Post Fire Conditions in Carolina Bay after November fire
Top: small pocket burned several inches deeper than surrounding, 
Middle: Red Maple roots exposed, heavily injured & toppled
Bottom: consistent surface organic reduction, some root exposure 

As a result, a number of trees throughout the bay succumbed. A few, like the Red Maple (Acer rubrum) shown above fell over and died immediately, while most trees either survived or died more slowly. The following chart displays the survival of the three most common trees, Loblolly Pine ("Pinus"), Cypress ("Taxodium"), and Maple ("Acer") across 5 diameter size ranges.  For a given species the colored lines within each size class show the number of stems before fire ("Pre") and the number surviving after ("Post"). 

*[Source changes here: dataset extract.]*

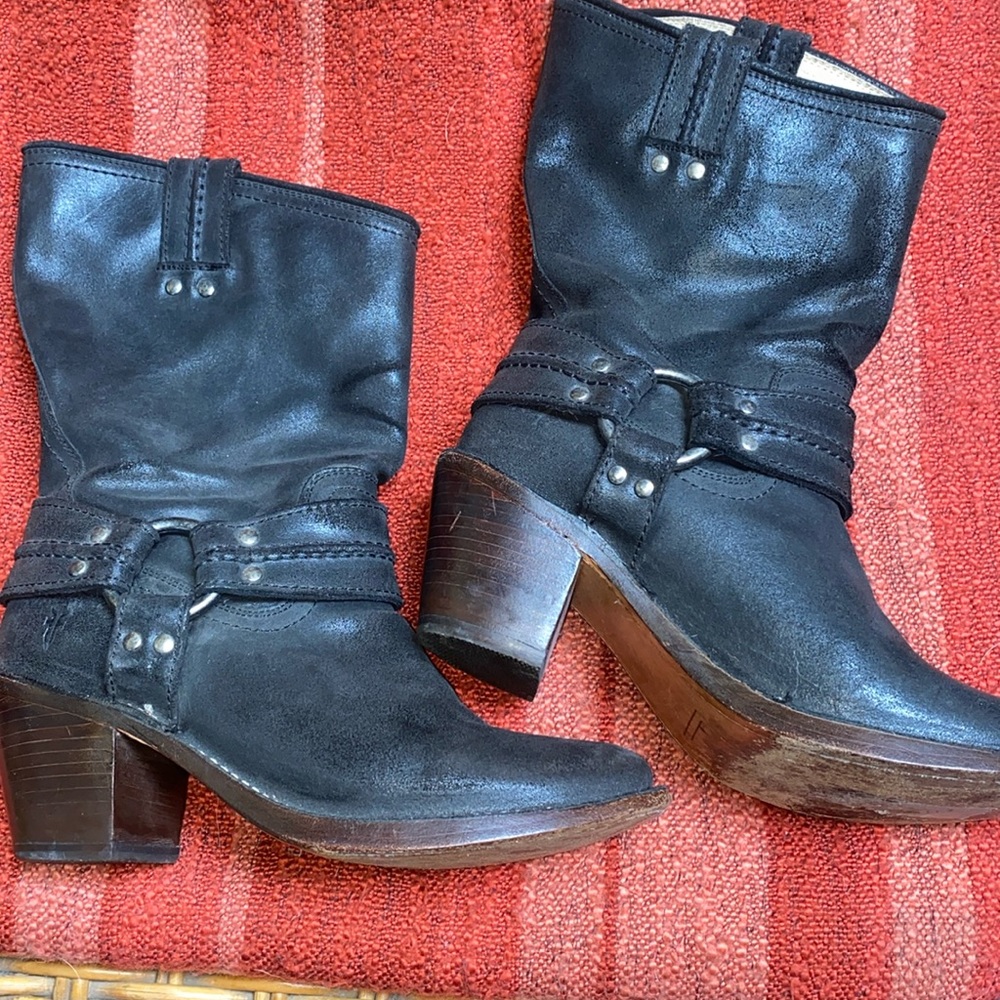 FRYE CARMEN HARNESS BOOTS SZ 7.5 B MADE IN MEXICO THICK LEATHER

These data show relatively heavy stem losses of Pines (blue lines) across all size classes, while mortality of Cypress (red lines) was concentrated in the two smaller size classes. Taken together, this shows an overall shift away from the strongly pine-dominated vegetation of the Carolina Bay before fire to an equal mixture of pine & cypress after fire.  The lone fire was not sufficient to restore cypress savanna but it produced significant progress.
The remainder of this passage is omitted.